|
|
|
|
|
by Doradus
4095 days ago
|
|
Well, it's hard to deny that the work done by the program is O(n) (or even Ω(n)) in the number of objects created by the program. That's almost tautological. The thing that is interesting about the asymptotic complexity of garbage collection, though, is that it gives you a peek into the future of GC overhead as heaps get larger. Consider a program with some bounded steady-state memory consumption, and a GC that takes O(1) time to free unlimited amounts of memory. In such a system, you can reduce your GC overhead arbitrarily simply by enlarging the heap. A larger heap gives a larger time interval between collections, yet doesn't make the collections any slower. Don't like 6% overhead? Fine. Make the heap 10x larger and you have 0.6% overhead. This time-space trade-off is always available to the end user of such a system. It's certainly not available with more primitive systems like malloc+free. [These are my personal opinions, not those of my employer.] |
|
So no, I don't see the advantage you say. I see that, in the best case, it's on par with non-GC'd systems, asymptotically speaking.
And yet, I see plenty of disadvantages. To start:
I have yet to see a GC that's O(1) w.r.t. the amount of memory to free. Best case? I'll grant you that, for an extremely naive copying collector. But the chance of that best case occurring is... not significant. Especially with the more sophisticated algorithms.
And again, as above, it doesn't matter how long it takes to free memory. As long as it's linear or sublinear, it'll be dominated, asymptotically speaking, by how long it takes to initialize that memory again. And in steady-state operation it will be reinitialized.

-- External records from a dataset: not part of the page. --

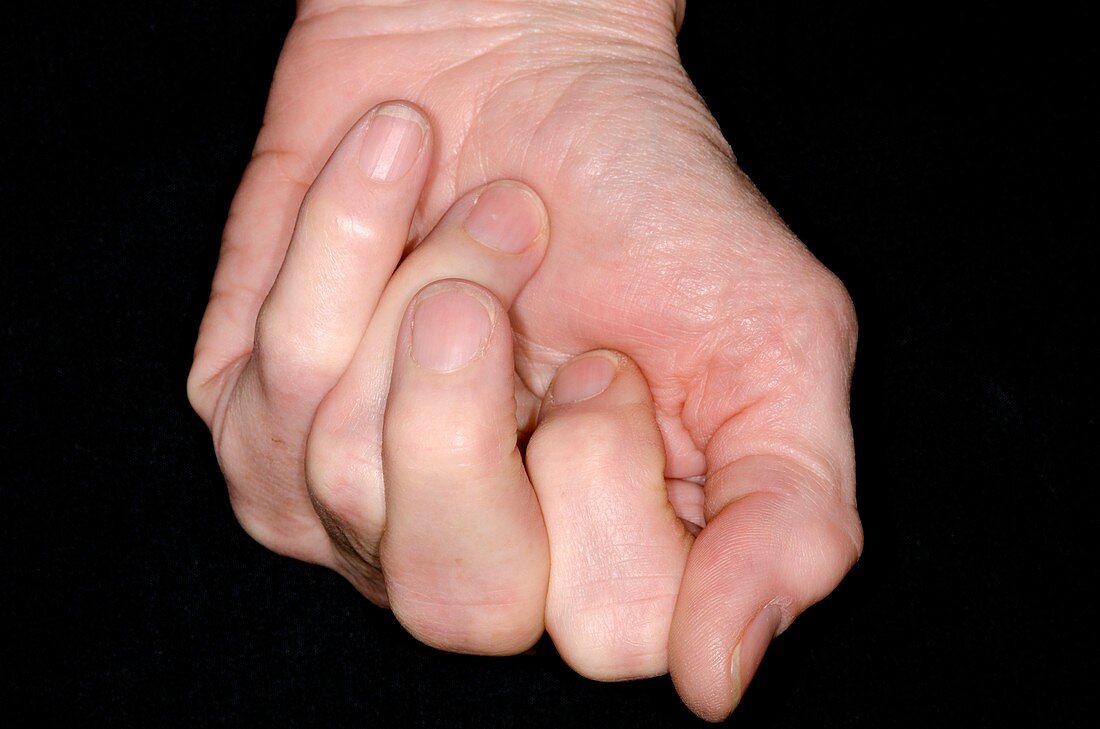 Osteoarthritis of the hand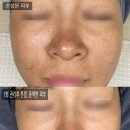 콜드플라 | 여름 휴가,여행,물놀이,화상, 손상된 피부/ 구미 콜드플라 관리 후기/ 주주모어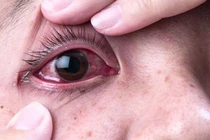 Hỏng mắt vì tự lấy dị vật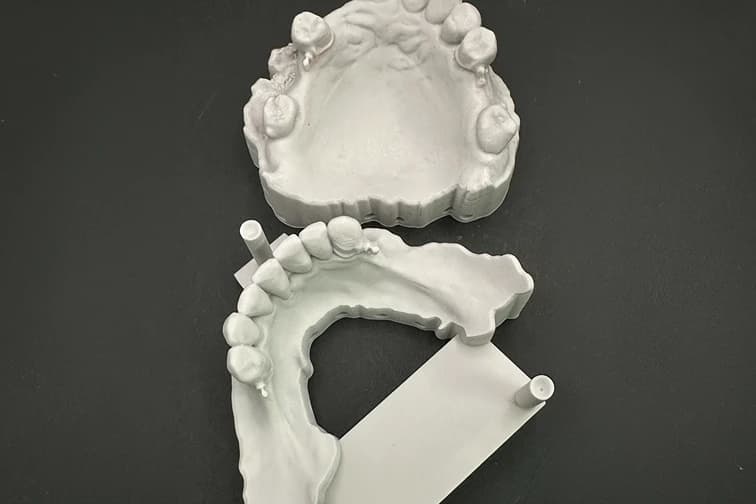 Complex Upper & Lower 3D Printed RPDs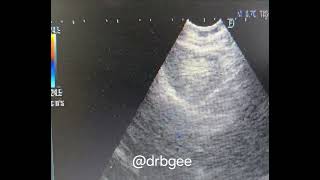 EBUS- transbronchial cryo‐nodal biopsy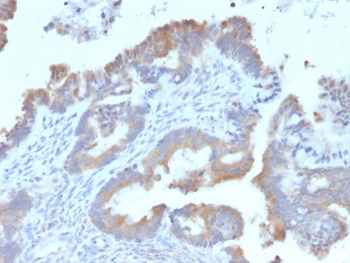 IHC staining of FFPE human endometrial carcinoma with ATG5 antibody. HIER: boil tissue sections in pH 9 10mM Tris with 1mM EDTA for 10-20 min and allow to cool before testing.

Not to mention the practical effects.
For instance: GC thrashes cache. Badly. It completely kills the concept of a working set. You can't work around that by making your heap larger - if anything it makes it worse. It makes the time period between thrashings longer, yes, but makes them worse when it does happen.
GC also doesn't scale well to large numbers of cores. In particular, your worst case "always" will be when the GC has to check with every core to see if it still has a reference to something. And given that processor numbers are where most of the performance improvements seem to be coming in... You mentioned memory size improvements but didn't mention increasing numbers of cores.
GC also (almost always) has field(s) per object. Minimum of O(1) overhead per object initialized.
Which means that, generally speaking, the overhead doesn't asymptote to zero. It asymptotes to a constant - and non-negligible, at least from what I've seen - amount of overhead.